### Work item
Below is a listing with pictures in it; transcribe exactly the lines from the one that has "Christmas deer,bear,cat and" through the one that has "Ikat Aztec Pattern", and omit those pictures.

### Supplied data
=== Begin Enclosure ===

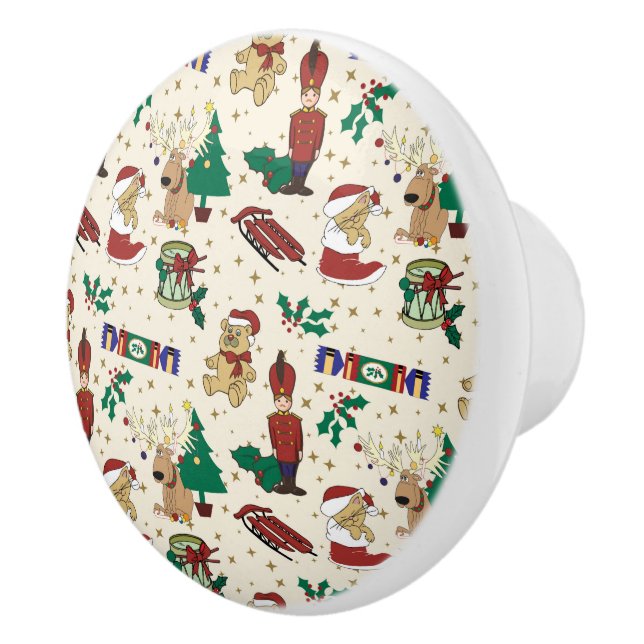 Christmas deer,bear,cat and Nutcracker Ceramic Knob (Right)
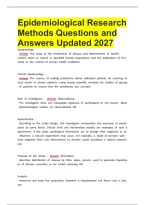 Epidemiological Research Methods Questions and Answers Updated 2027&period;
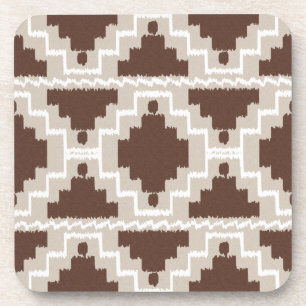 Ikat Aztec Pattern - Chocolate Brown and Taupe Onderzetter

=== End Enclosure ===
=== Begin Enclosure ===

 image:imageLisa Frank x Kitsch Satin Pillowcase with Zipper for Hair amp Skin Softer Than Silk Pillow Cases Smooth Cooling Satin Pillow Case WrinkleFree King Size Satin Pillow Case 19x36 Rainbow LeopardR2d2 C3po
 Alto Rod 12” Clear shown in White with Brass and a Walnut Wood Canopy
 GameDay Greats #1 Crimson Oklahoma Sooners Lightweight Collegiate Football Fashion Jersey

=== End Enclosure ===
=== Begin Enclosure ===

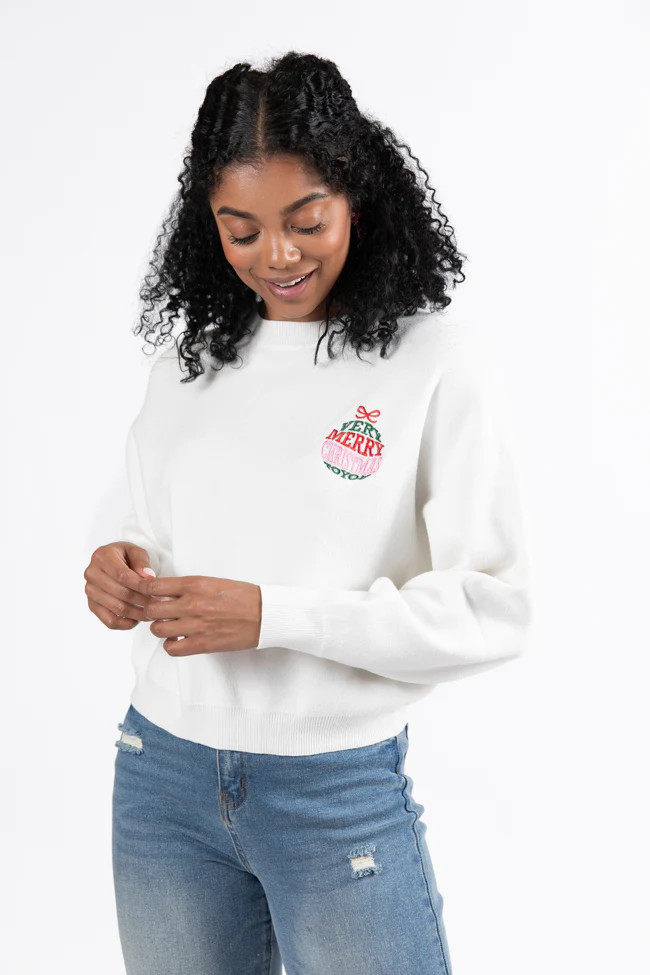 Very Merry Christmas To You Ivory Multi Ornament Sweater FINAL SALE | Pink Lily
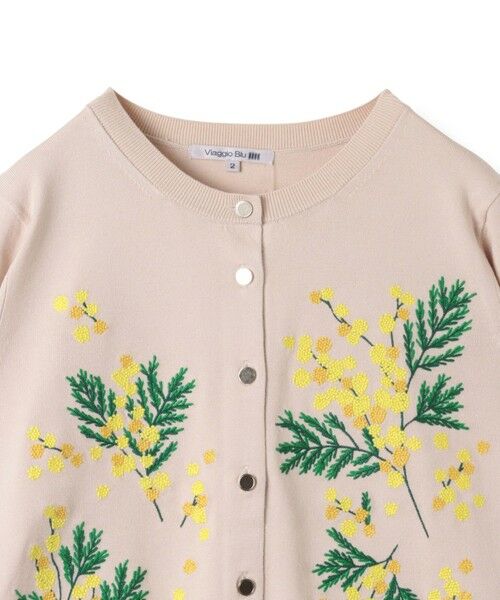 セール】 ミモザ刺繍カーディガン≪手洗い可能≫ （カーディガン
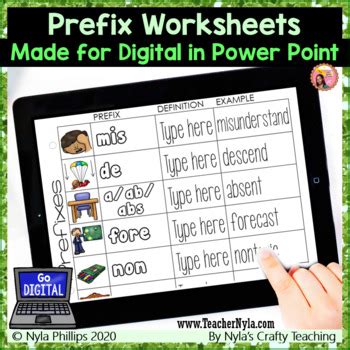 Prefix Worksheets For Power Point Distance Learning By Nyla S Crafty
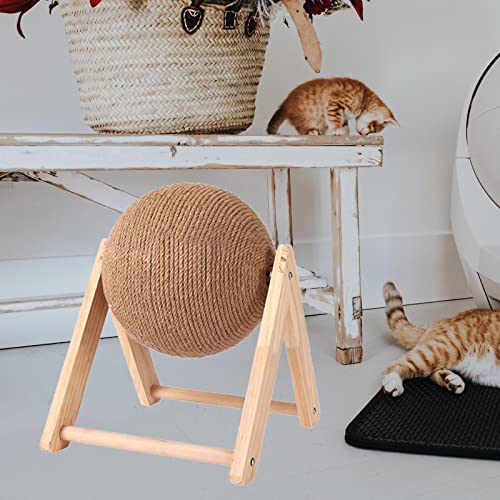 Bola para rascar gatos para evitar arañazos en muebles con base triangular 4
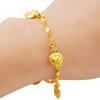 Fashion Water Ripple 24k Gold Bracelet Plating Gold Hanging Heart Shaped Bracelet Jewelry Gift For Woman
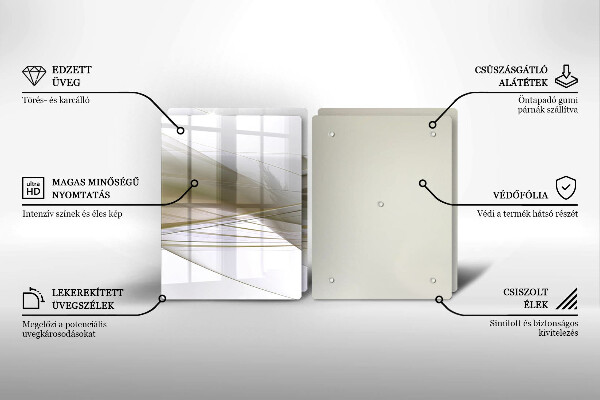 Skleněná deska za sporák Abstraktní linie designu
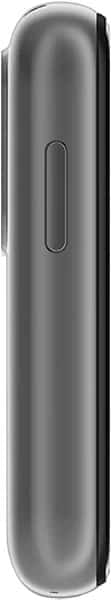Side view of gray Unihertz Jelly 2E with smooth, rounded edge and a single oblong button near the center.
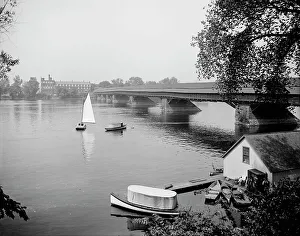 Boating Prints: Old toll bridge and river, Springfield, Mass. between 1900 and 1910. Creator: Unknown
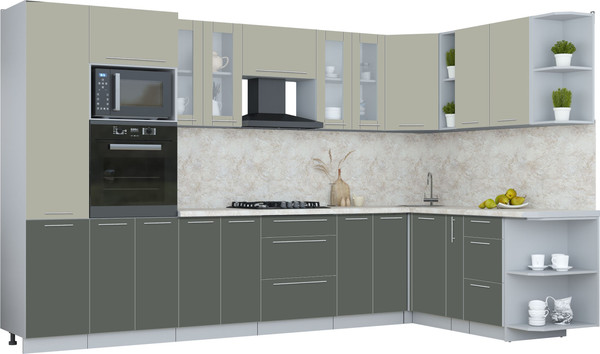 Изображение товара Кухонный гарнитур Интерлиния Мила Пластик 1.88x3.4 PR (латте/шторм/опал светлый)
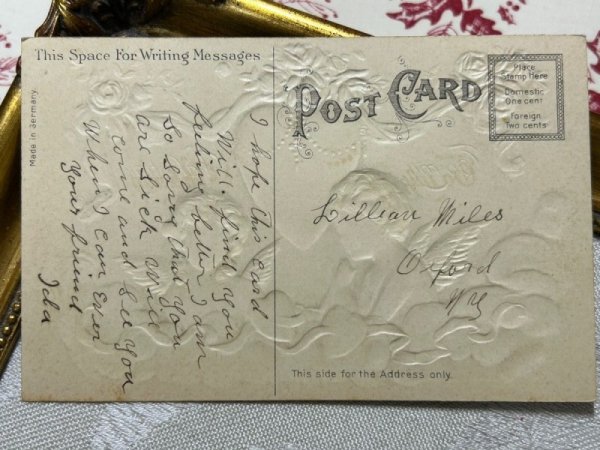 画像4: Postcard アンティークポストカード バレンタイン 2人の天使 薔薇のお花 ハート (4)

=== End Enclosure ===

### Answer
 Christmas deer,bear,cat and Nutcracker Ceramic Knob (Right)
 Epidemiological Research Methods Questions and Answers Updated 2027&period;
 Ikat Aztec Pattern - Chocolate Brown and Taupe Onderzetter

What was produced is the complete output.